There are 85 days left in the year.
Today’s Highlight in History:
On Oct. 7, 2001, the war in Afghanistan started as the United States and Britain launched air attacks against military targets and Osama bin Laden’s training camps in the wake of the September 11 attacks.
On this date:
In 1765, the Stamp Act Congress convened in New York to draw up colonial grievances against England.
In 1849, author Edgar Allan Poe died in Baltimore at age 40.
In 1910, a major wildfire devastated the northern Minnesota towns of Spooner and Baudette, charring at least 300,000 acres; some 40 people are believed to have died.
In 1949, the Republic of East Germany was formed.
In 1954, Marian Anderson became the first Black singer hired by the Metropolitan Opera Company in New York.
In 1985, Palestinian gunmen hijacked the Italian cruise ship Achille Lauro (ah-KEE’-leh LOW’-roh) in the Mediterranean. (The hijackers shot and killed Leon Klinghoffer, a Jewish-American tourist in a wheelchair, and pushed him overboard, before surrendering on Oct. 9.)
In 1991, University of Oklahoma law professor Anita Hill publicly accused Supreme Court nominee Clarence Thomas of making sexually inappropriate comments when she worked for him; Thomas denied Hill’s allegations.
In 1992, trade representatives of the United States, Canada and Mexico initialed the North American Free Trade Agreement during a ceremony in San Antonio, Texas, in the presence of President George H.W. Bush, Canadian Prime Minister Brian Mulroney (muhl-ROO’-nee) and Mexican President Carlos Salinas de Gortari.
In 1996, Fox News Channel made its debut.
In 1998, Matthew Shepard, a gay college student, was beaten and left tied to a wooden fencepost outside of Laramie, Wyoming; he died five days later. (Russell Henderson and Aaron McKinney are serving life sentences for Shepard’s murder.)

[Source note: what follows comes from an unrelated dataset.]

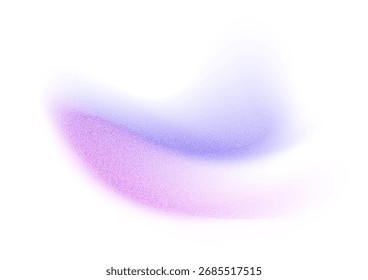 Abstract gradient shape with noise, purple blurred grainy color gradation, vibrant design element.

In 2003, California voters recalled Gov. Gray Davis and elected Arnold Schwarzenegger their new governor.
In 2004, President George W. Bush and Vice President Dick Cheney conceded that Saddam Hussein had no weapons of mass destruction as they tried to shift the Iraq war debate to a new issue, arguing that Saddam was abusing a U.N. oil-for-food program.